Y ahora ¿cuál es el peligro? El peligro es que si hay una confrontación Astori-Mujica, además de los grupos que naturalmente apoyan a Mujica y Astori, los demás grupos -si se sigue la lógica de la legislación electoral- van a tener que alinearse, o dividirse. Es decir, la Vertiente tendría que estar o con Astori o con Mujica, o haber una Vertiente con Astori y otra Vertiente con candidatos distintos con Mujica, y lo mismo el Partido Socialista, por hablar de los dos grupos que están más equidistantes de ambos candidatos, incluso con gente adentro que puede tener más simpatía hacia uno que hacia otro.
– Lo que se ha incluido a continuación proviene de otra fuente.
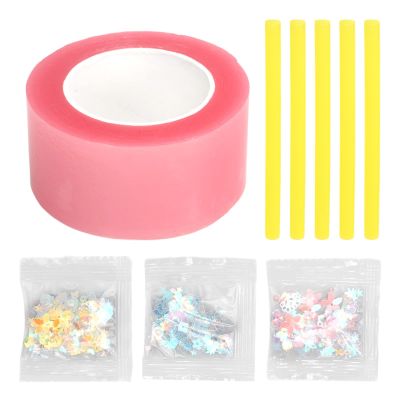 Thonlai Nano Tape Bubble Kit, Strong Transparent Elastic DIY Balloons with Colorful Straws and Decorative Fillings, for Kids Girls Boys Birthday Party Decorations (Pinkish)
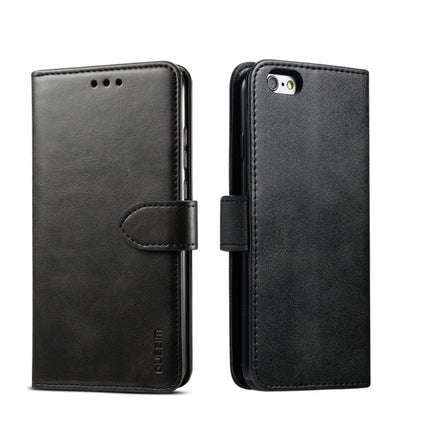 For iPhone 6 GUSSIM Magnetic Horizontal Flip Leather Case with Holder & Card Slots & & Wallet(Black)-garmade.com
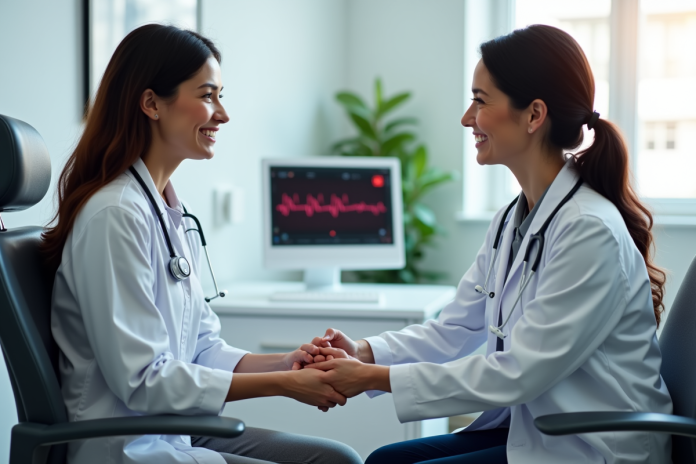 Medecin rassurant un patient dans une clinique cardiologie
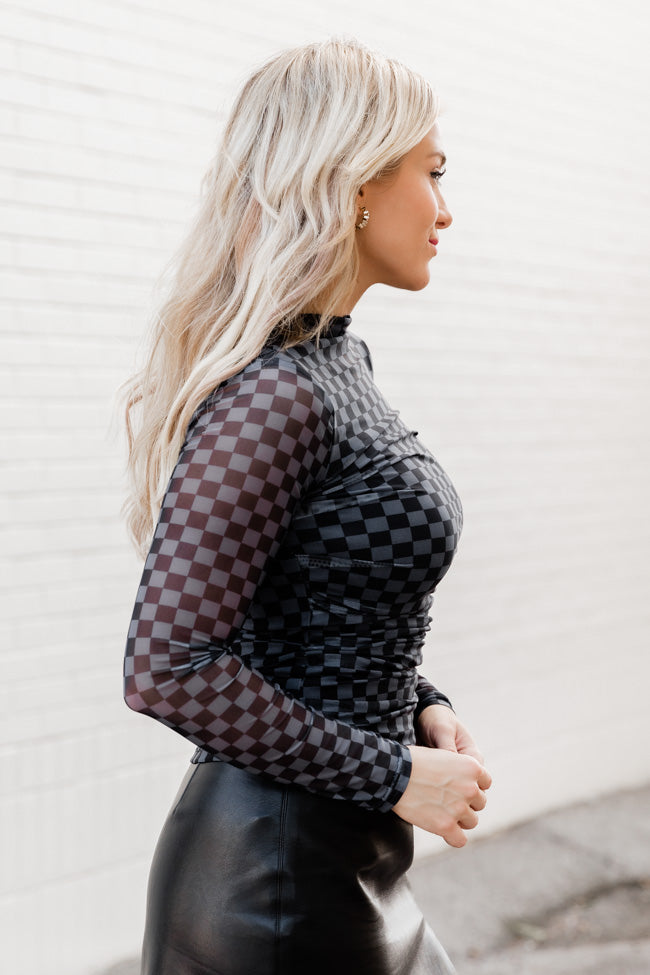 Holding Out Hope Black Mock Neck Checkered Mesh Blouse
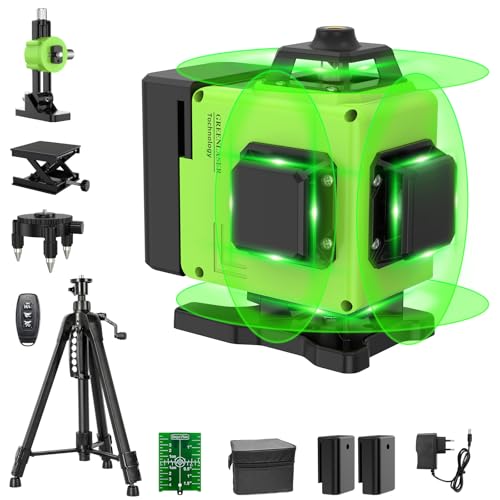 Kreuzlinienlaser Laser Wasserwaage 4x360 Grad, Linienlaser Grün Kreuzlaser Selbstnivellierend Nivelliergerät Baulaser 3D, 2*AA Batterie für Innen- und Außenbereich Baustelle (Mit Stativ) Kreuzlinienlaser Laser Wasserwaage 4x360 Grad, Linienlaser Grün Kreuzlaser Selbstnivellierend Nivelliergerät Baulaser 3D, 2*AA Batterie für Innen- und Außenbereich Baustelle (Mit Stativ) von ponoseu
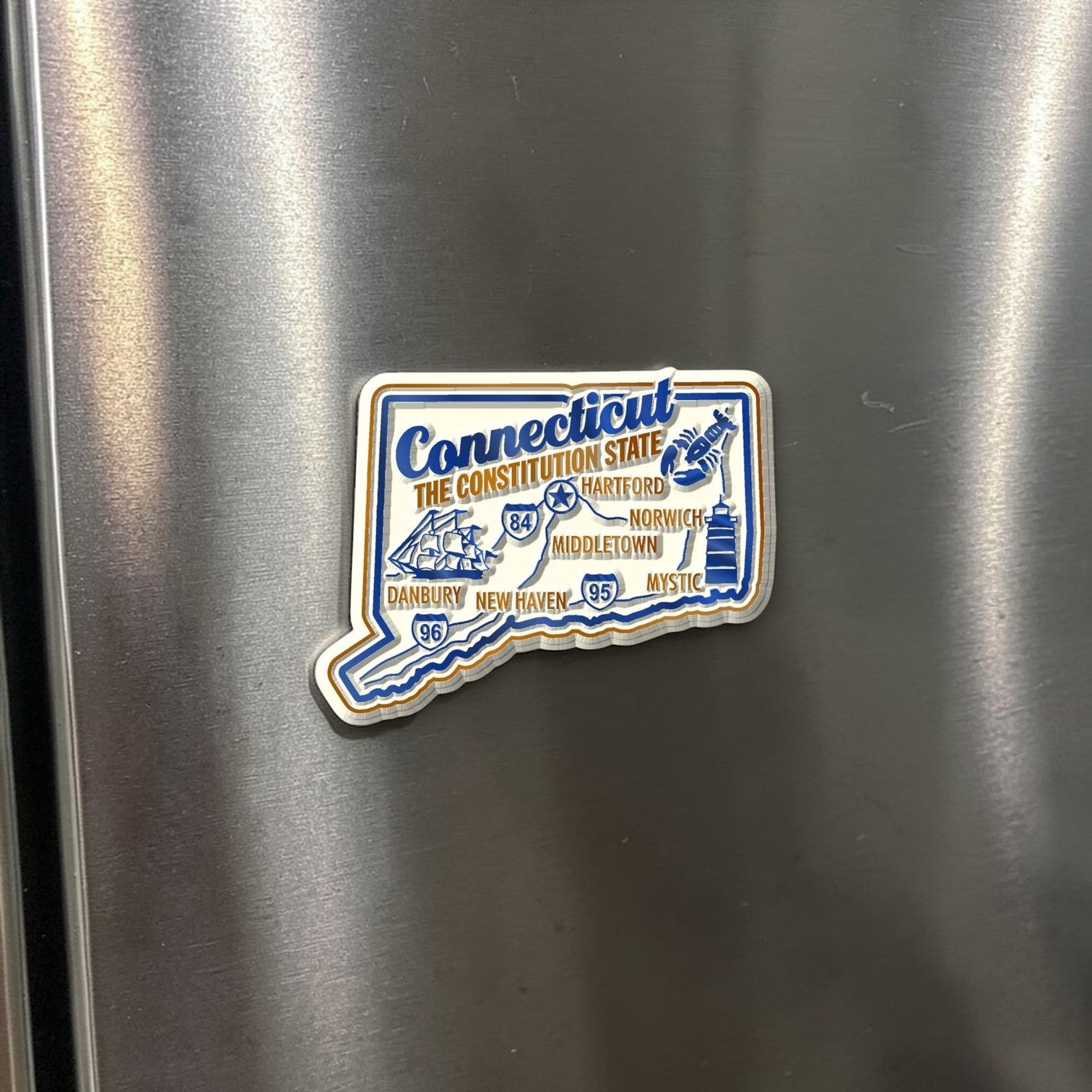 Connecticut Premium State Magnet - 3-in - Mellow Monkey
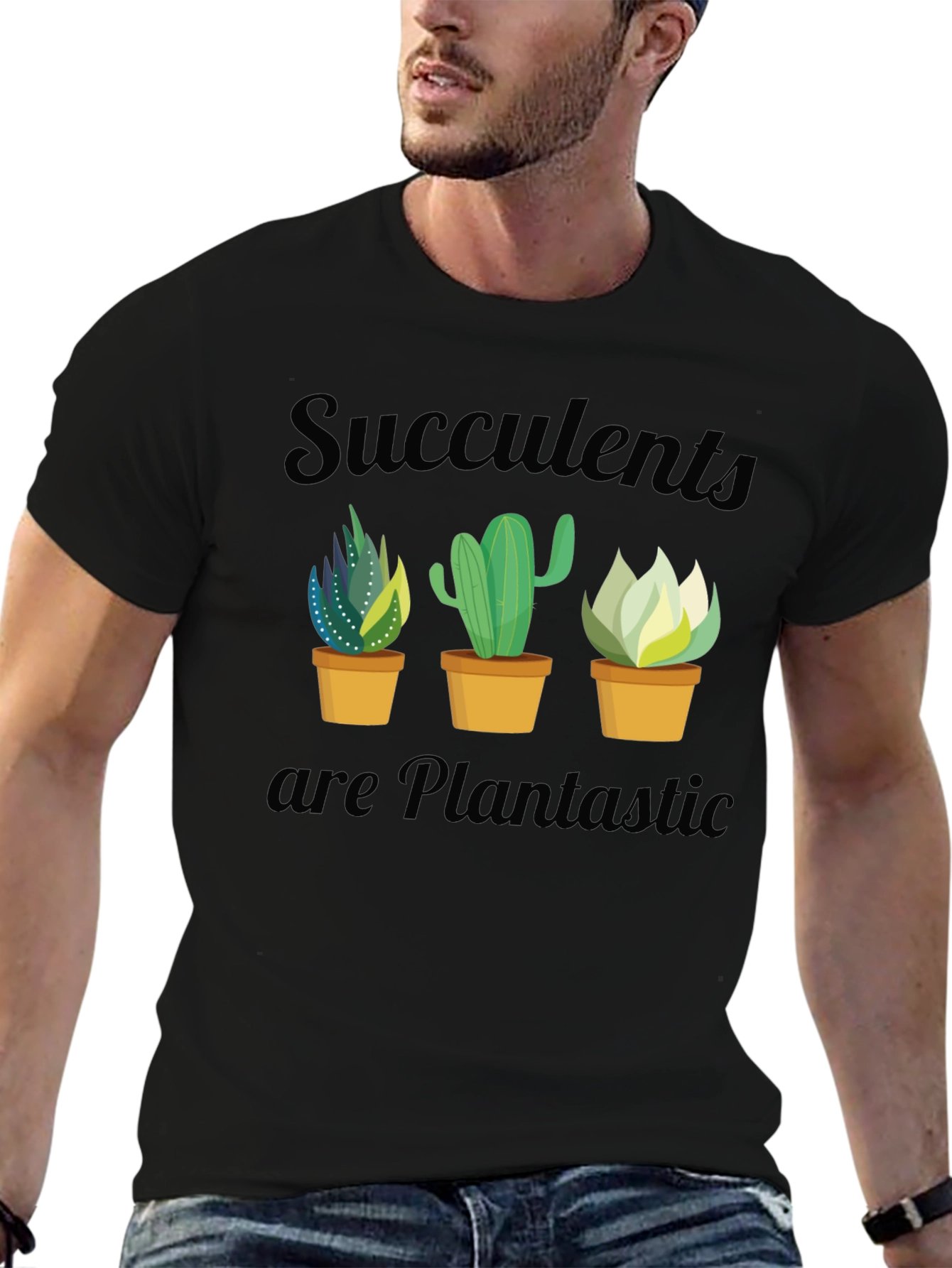 Succulent Plantastic Graphic T-Shirt - Black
El problema es que si esta lógica se lleva adelante, el Frente Amplio queda con un bloque detrás de Mujica y otro bloque detrás de Astori. Esto le da una arquitectura polarizada, que nunca se había dado en la historia del Frente Amplio, y que le crea la situación de generar el 28 de junio un bloque mayoritario y un bloque minoritario adentro, y cambia toda la relación. No es lo mismo una relación entre cuatro o cinco grupos -que fue la norma en el Frente-, entre siete corrientes -que es la actual-, o entre dos bloques; eso es una lógica de funcionamiento totalmente distinta, dura, rígida, de pactos recíprocos permanentes.

EC – ¿Tiene alguna fórmula el Frente Amplio para zafar de ese riesgo?
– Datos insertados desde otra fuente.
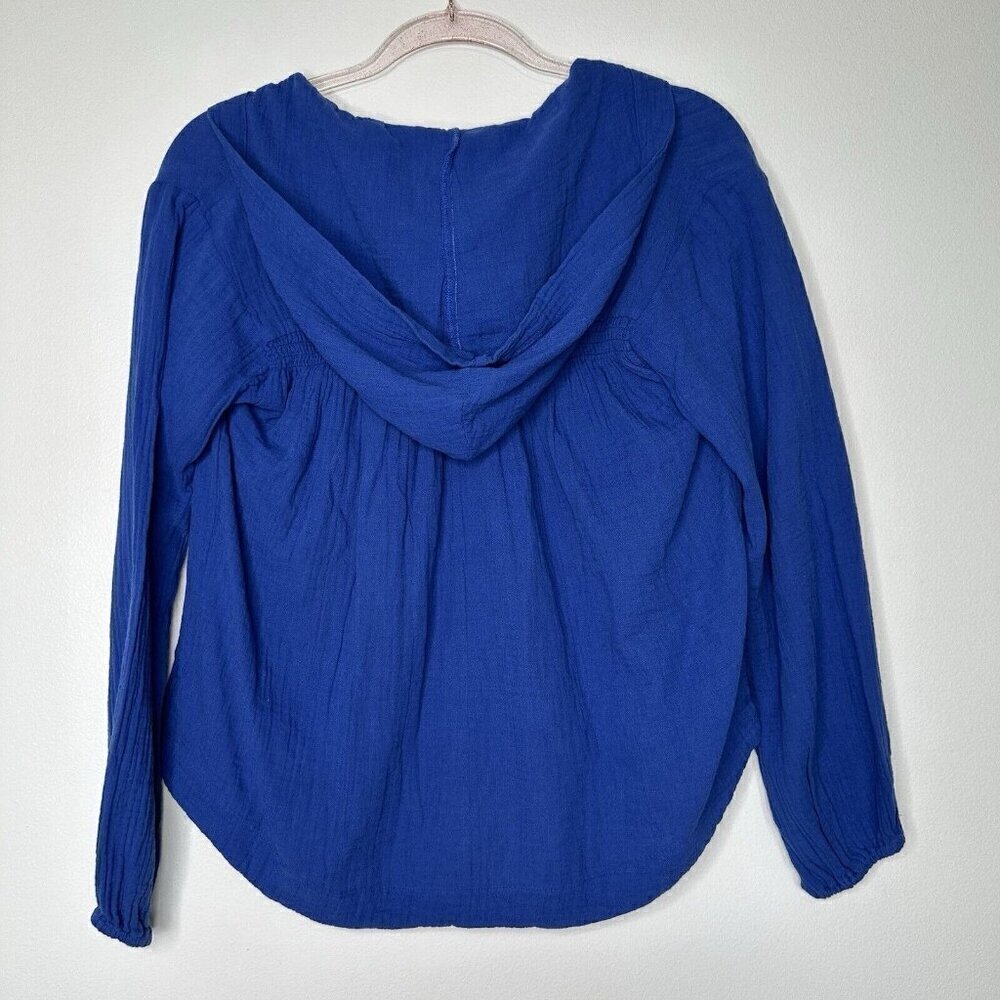 Lovestitch Gauze Hooded Top Blue Womens Size S Cropped Beach Cotton Long Sleeve - Picture 6 of 10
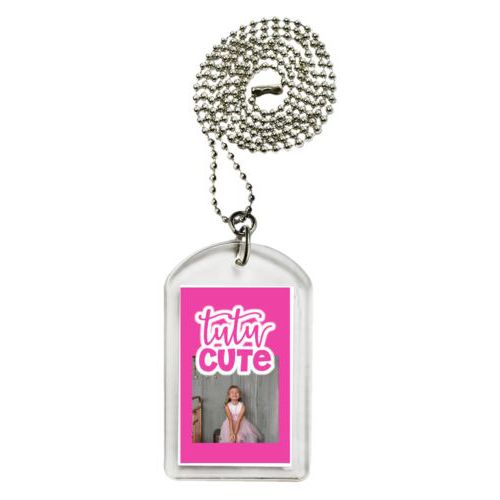 Personalized dog tag personalized with photo and the saying "tutu cute"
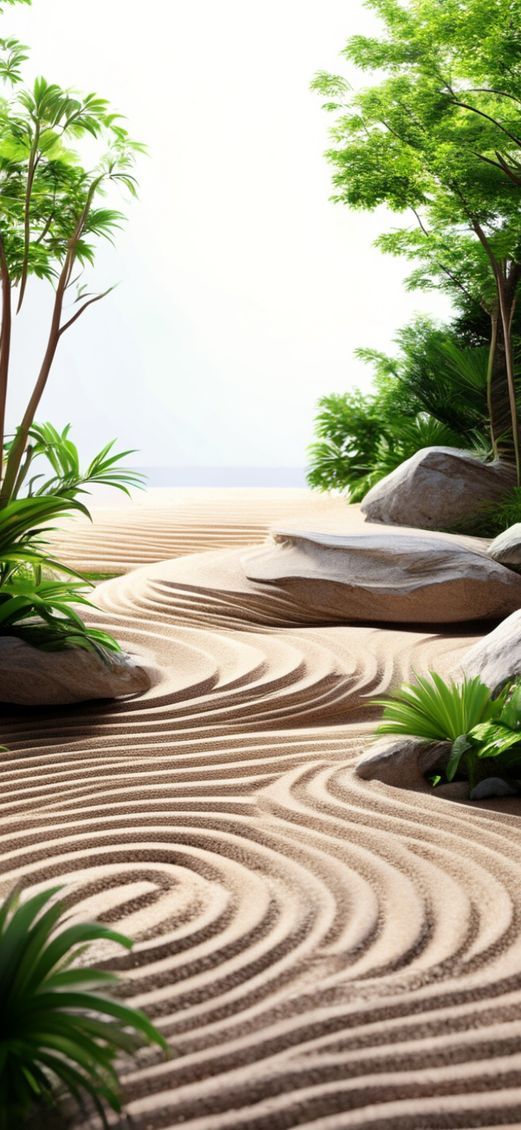 Cosmic Zen Garden Sand Minimalist Photorealistic Wallpaper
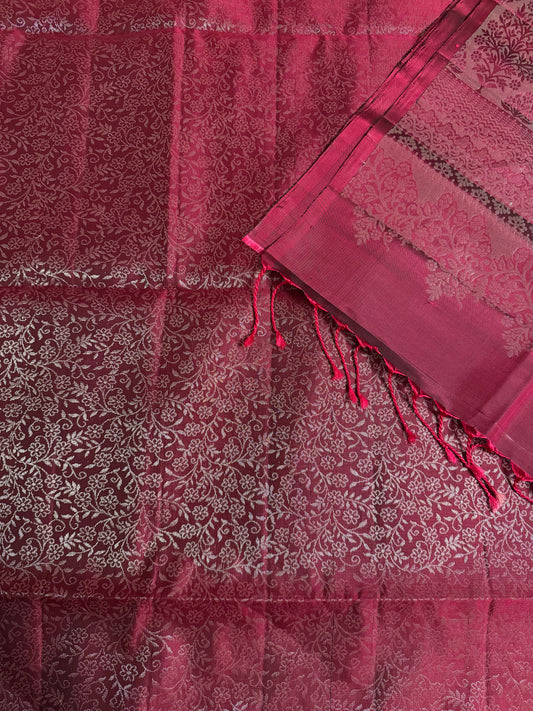 Viraah - Deep Magenta Soft Silk Saree with Silver Zari & Metallic Pallu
OB – El Frente Amplio tiene que hacer primero una opción política y decir “¿queremos esta polarización o no?”. En principio lo que se ve es que mayoritariamente no se quiere. Cuando digo mayoritariamente no digo la mayoría de los sectores sino la mayoría de las personas, de los distintos lados, que le teme a una polarización del Frente.

Entonces, la única forma hoy que tiene el Frente Amplio de eludir esto es la siguiente: primero la ODN que elige el Frente Amplio no va a ser la convención partidaria, por lo tanto se minimiza el tema. Va a ser sólo el órgano que va a elegir el candidato a vicepresidente de la República y eventualmente suplir al presidente, en los casos que prevé la Constitución o la ley que es por fallecimiento del presidente, o renuncia, antes de las elecciones.

Si el Frente ya pacta la forma de designar el vicepresidente antes y además no tiene otra forma de elegir al presidente, la ODN prácticamente puede no tener función alguna. Porque la ODN actúa si el presidente no es elegido directamente, pero para no ser elegido directamente ningún candidato tiene que superar el 50%, o superando el 40 y no el 50 tener una distancia de 10 con el segundo, eso es cuando hay tres candidatos o más. Cuando hay sólo dos candidatos, necesariamente uno tiene más del 50%, por lo tanto la ODN no va a actuar nunca en forma supletoria.

Si la ODN no va a cumplir ninguna función, si van a ser sólo dos los precandidatos a presidente -por lo tanto el candidato a presidente va a ser necesariamente elegido el 28 de junio- la ODN va a ser un órgano absolutamente nominal y la elección va a tener como único fundamento cumplir el requisito que establece la Constitución y la ley.

Si es así, el Frente Amplio puede hacer dos listas -llamémosle fictas- a la ODN: una detrás de Mujica, otra detrás de Astori. Las dos listas pueden ser con figuras de segundo nivel, que no haya ningún personaje apareciendo detrás de Mujica y Astori. En definitiva lo que la gente realmente vota es solamente Mujica-Astori o Astori-Mujica. Es decir, crear un mecanismo que de hecho saltee la elección de convención, como se dice vulgarmente.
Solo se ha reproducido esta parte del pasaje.